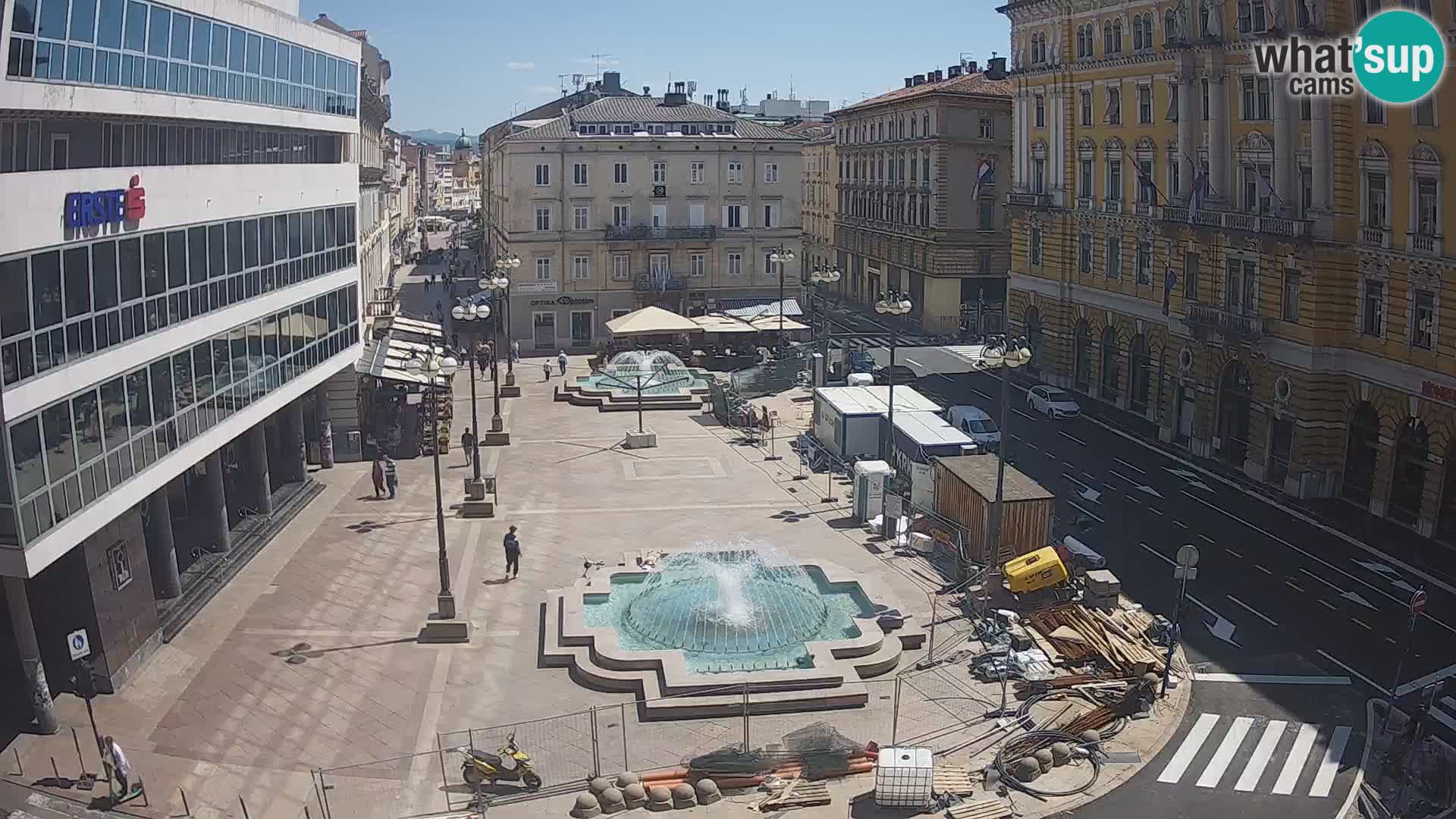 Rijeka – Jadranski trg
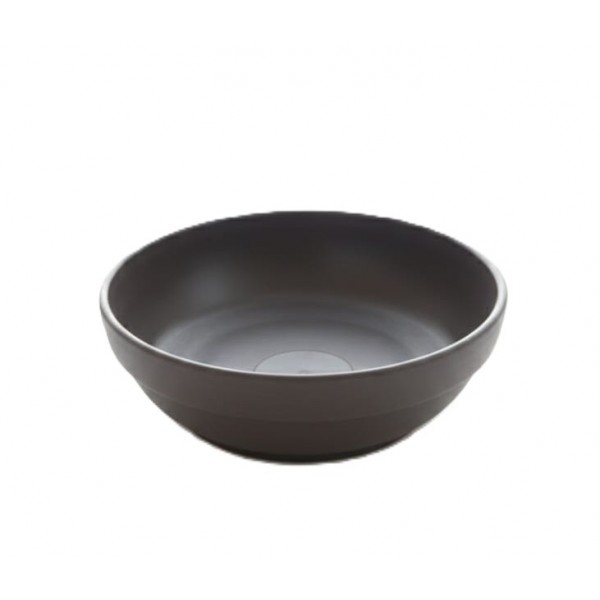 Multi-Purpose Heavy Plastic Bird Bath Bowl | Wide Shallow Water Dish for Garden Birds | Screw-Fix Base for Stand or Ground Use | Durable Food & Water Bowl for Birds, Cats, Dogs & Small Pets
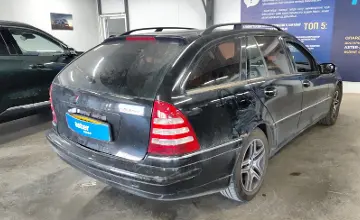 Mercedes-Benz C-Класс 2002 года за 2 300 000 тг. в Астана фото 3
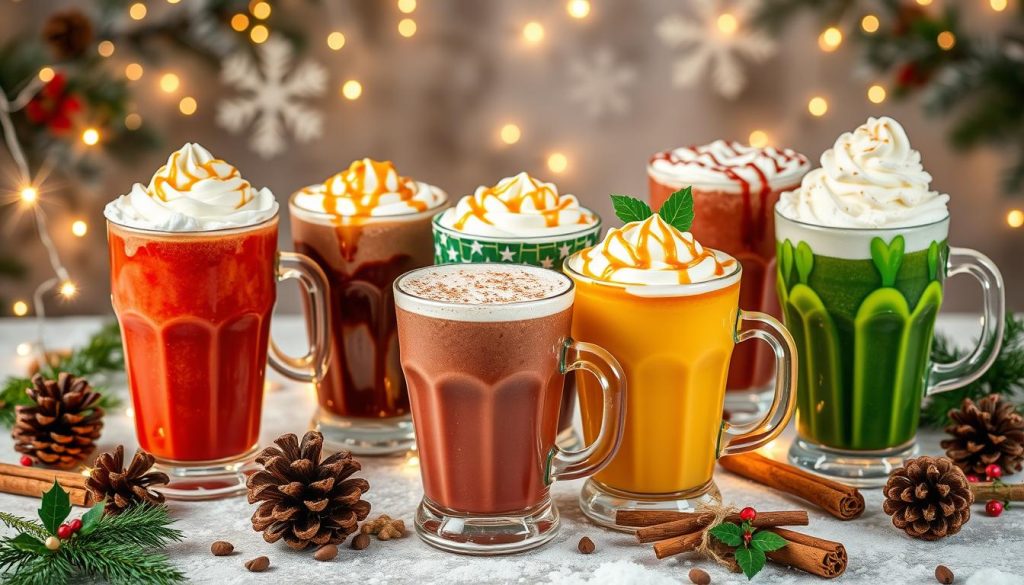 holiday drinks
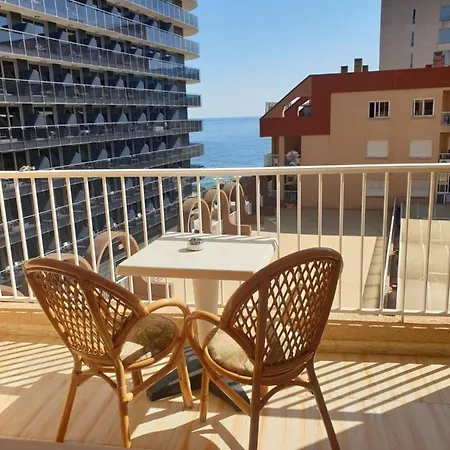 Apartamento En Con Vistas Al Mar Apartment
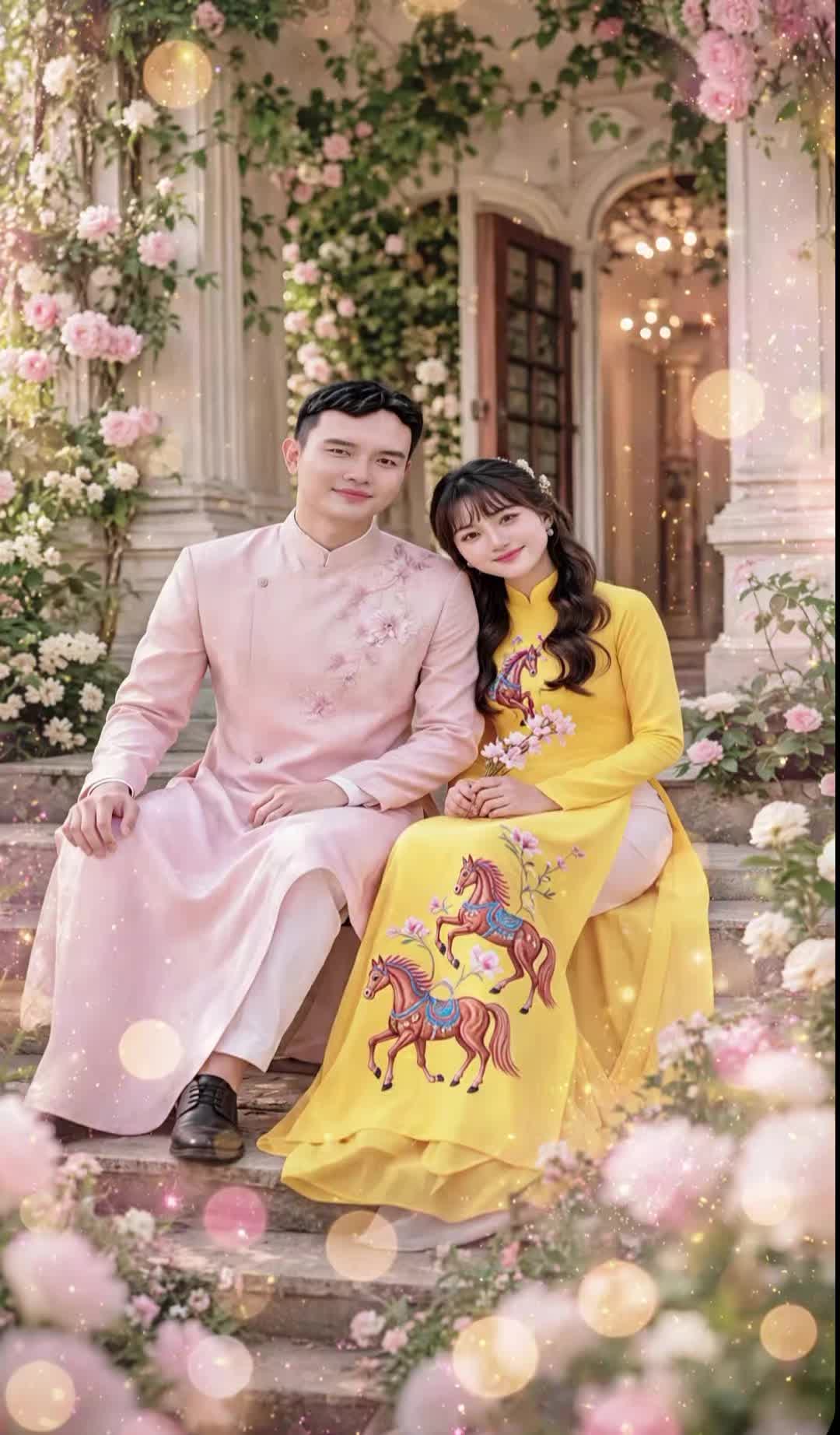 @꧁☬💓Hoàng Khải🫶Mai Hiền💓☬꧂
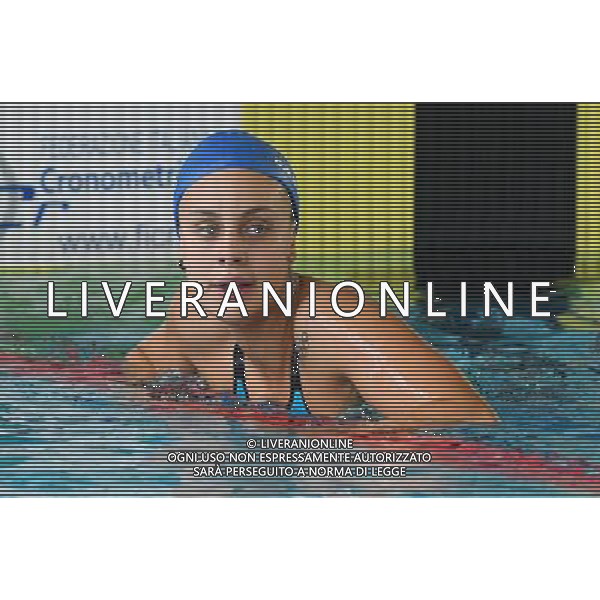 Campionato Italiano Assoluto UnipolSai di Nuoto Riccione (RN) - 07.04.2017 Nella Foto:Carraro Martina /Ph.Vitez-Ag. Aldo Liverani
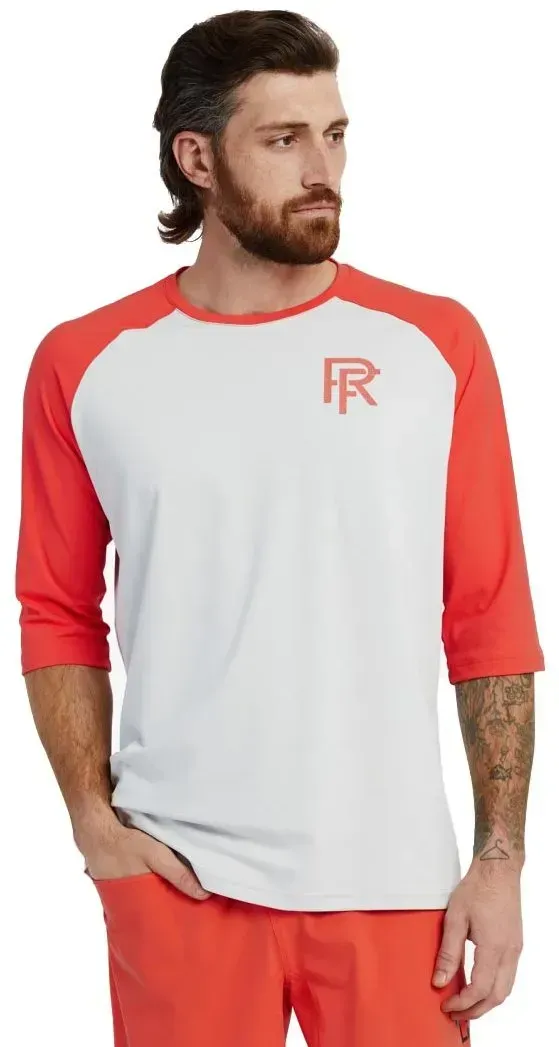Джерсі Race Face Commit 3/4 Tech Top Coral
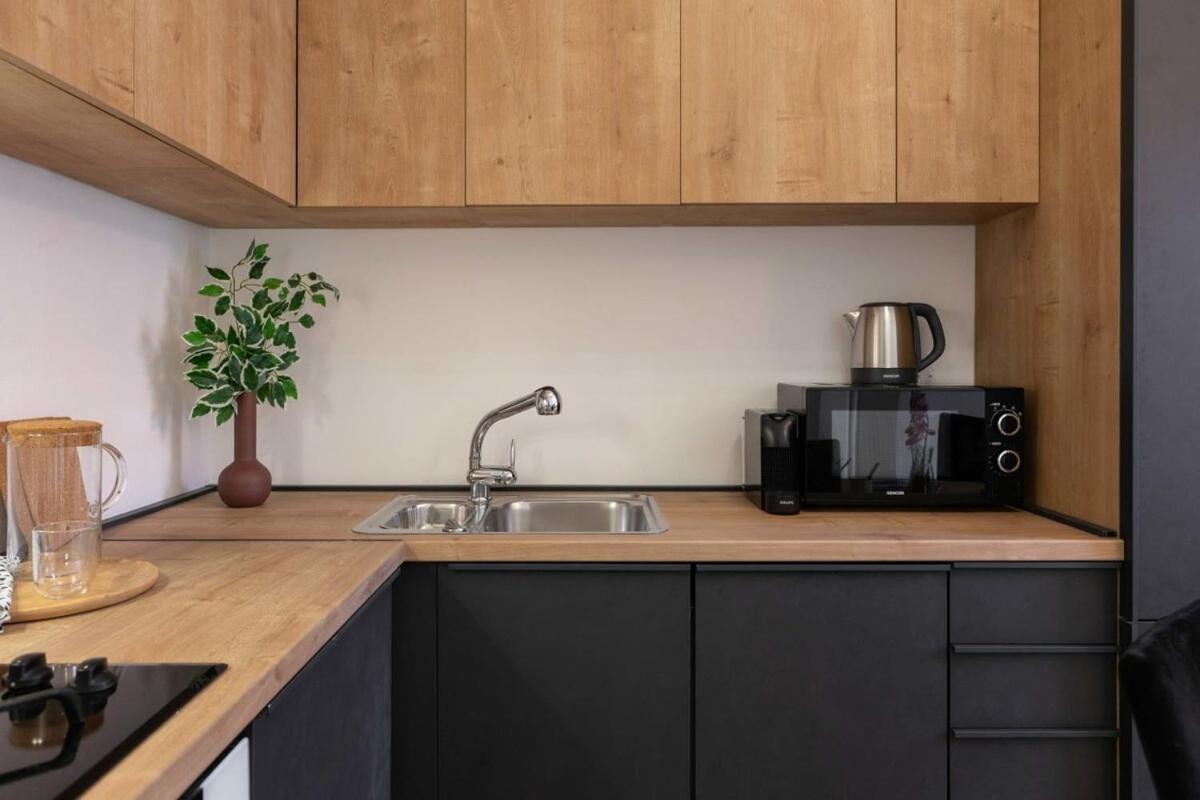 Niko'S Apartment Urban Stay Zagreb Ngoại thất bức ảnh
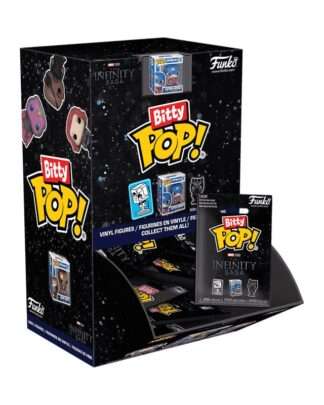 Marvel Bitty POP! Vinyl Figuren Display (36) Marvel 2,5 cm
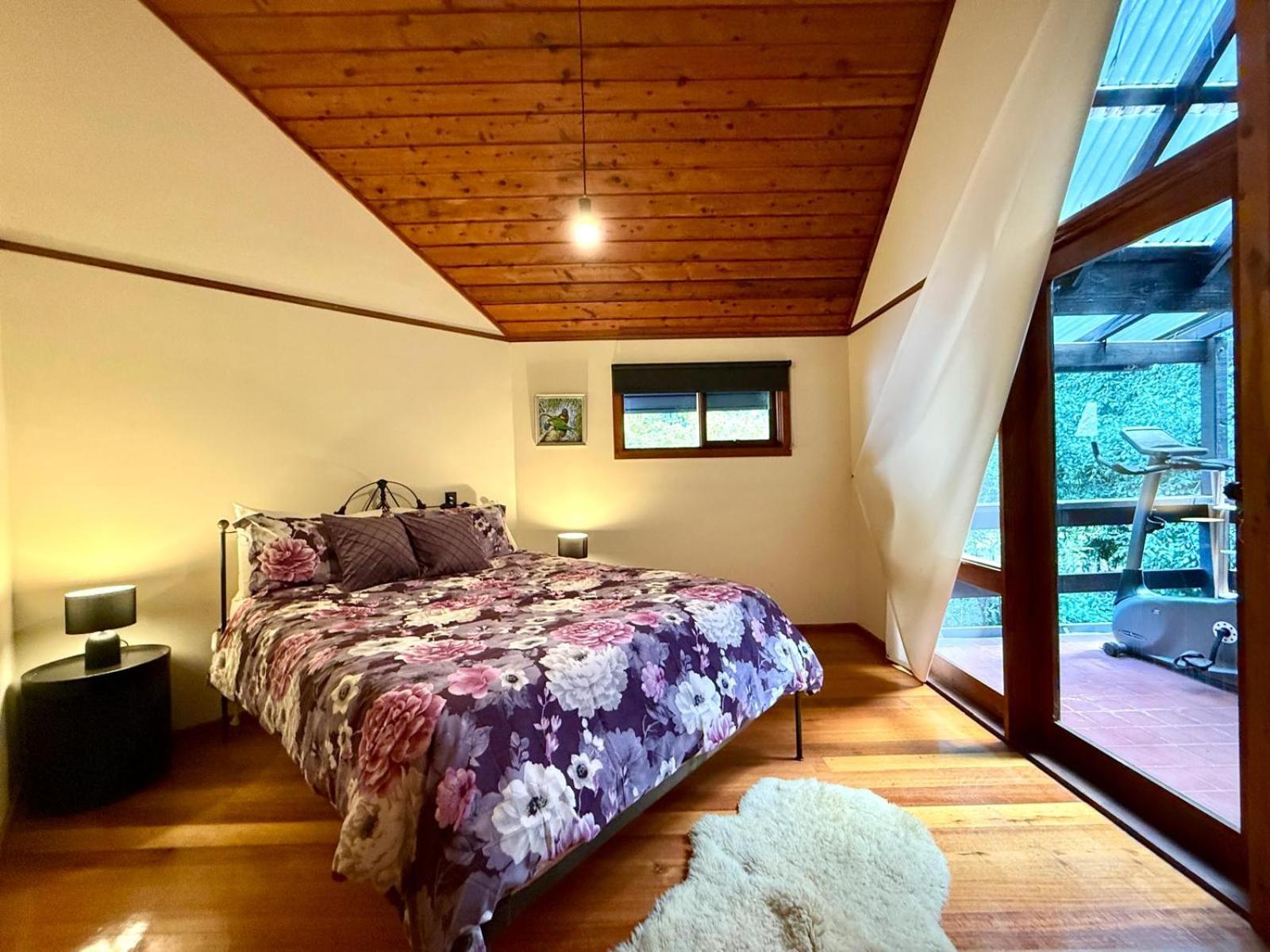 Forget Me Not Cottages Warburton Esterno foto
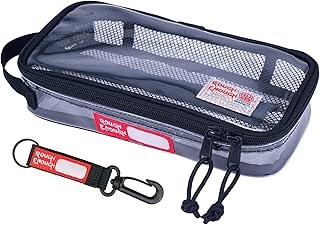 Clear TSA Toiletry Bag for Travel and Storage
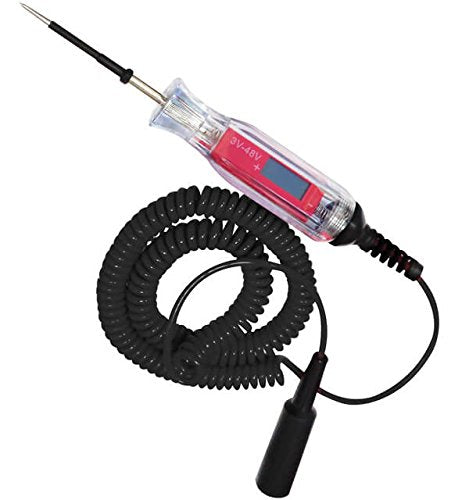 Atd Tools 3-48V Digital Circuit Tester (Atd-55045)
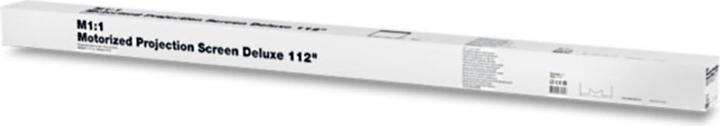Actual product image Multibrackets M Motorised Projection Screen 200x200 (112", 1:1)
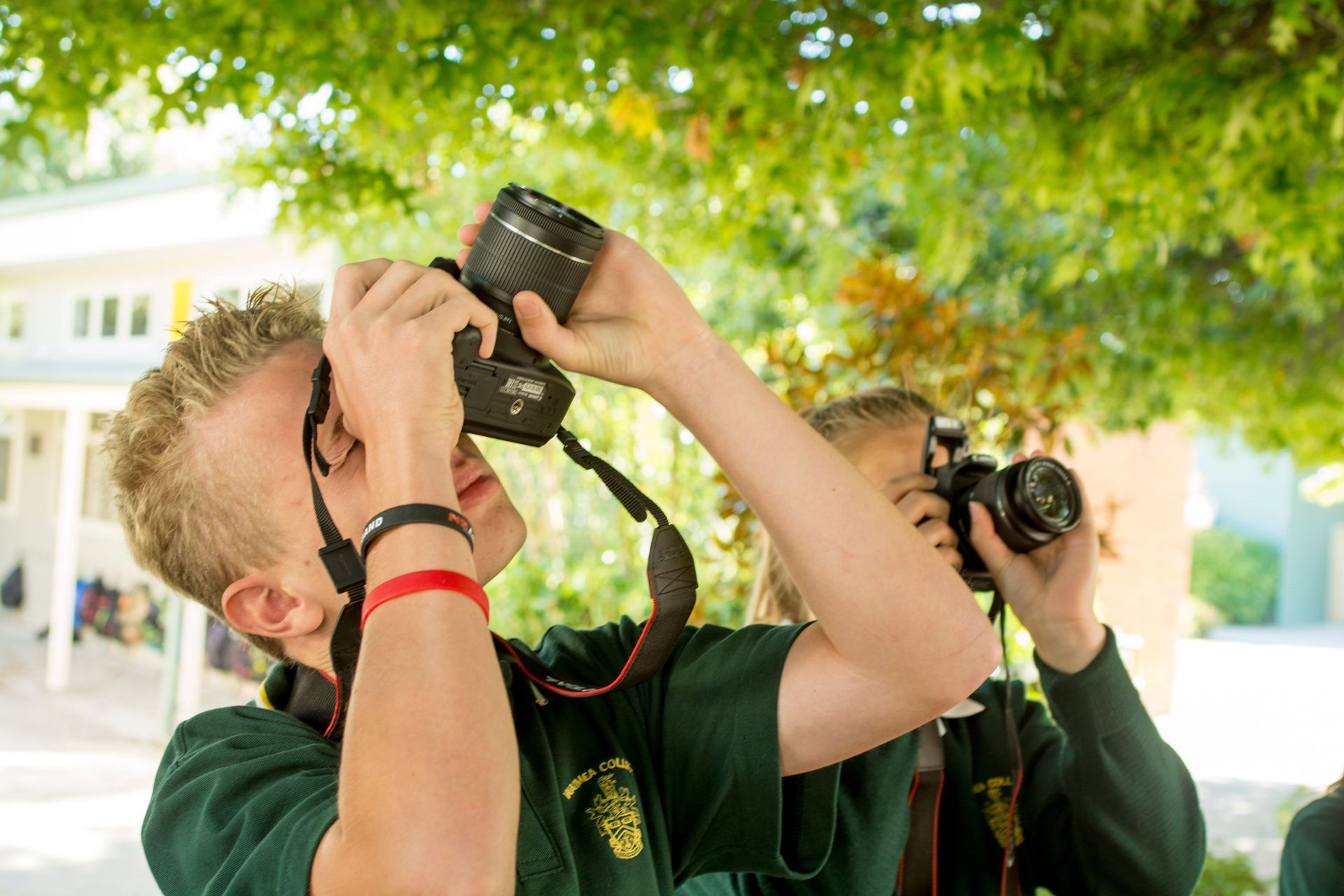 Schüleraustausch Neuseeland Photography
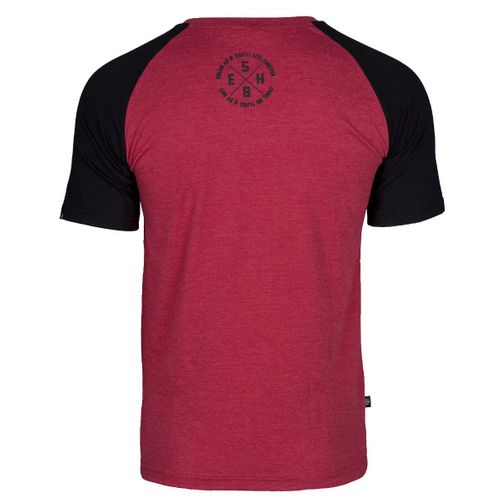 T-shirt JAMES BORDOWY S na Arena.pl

═══

• WHAT THE TASK REQUIRES:
Restate the records above verbatim. Pictures stay out.

• WRITTEN RESPONSE:
 Rijeka – Jadranski trg
 Multi-Purpose Heavy Plastic Bird Bath Bowl | Wide Shallow Water Dish for Garden Birds | Screw-Fix Base for Stand or Ground Use | Durable Food & Water Bowl for Birds, Cats, Dogs & Small Pets
 Mercedes-Benz C-Класс 2002 года за 2 300 000 тг. в Астана фото 3
 holiday drinks
 Apartamento En Con Vistas Al Mar Apartment
 @꧁☬💓Hoàng Khải🫶Mai Hiền💓☬꧂
 Campionato Italiano Assoluto UnipolSai di Nuoto Riccione (RN) - 07.04.2017 Nella Foto:Carraro Martina /Ph.Vitez-Ag. Aldo Liverani
Джерсі Race Face Commit 3/4 Tech Top Coral
 Niko'S Apartment Urban Stay Zagreb Ngoại thất bức ảnh
 Marvel Bitty POP! Vinyl Figuren Display (36) Marvel 2,5 cm
 Forget Me Not Cottages Warburton Esterno foto
 Clear TSA Toiletry Bag for Travel and Storage
 Atd Tools 3-48V Digital Circuit Tester (Atd-55045)
Actual product image Multibrackets M Motorised Projection Screen 200x200 (112", 1:1)
 Schüleraustausch Neuseeland Photography
 T-shirt JAMES BORDOWY S na Arena.pl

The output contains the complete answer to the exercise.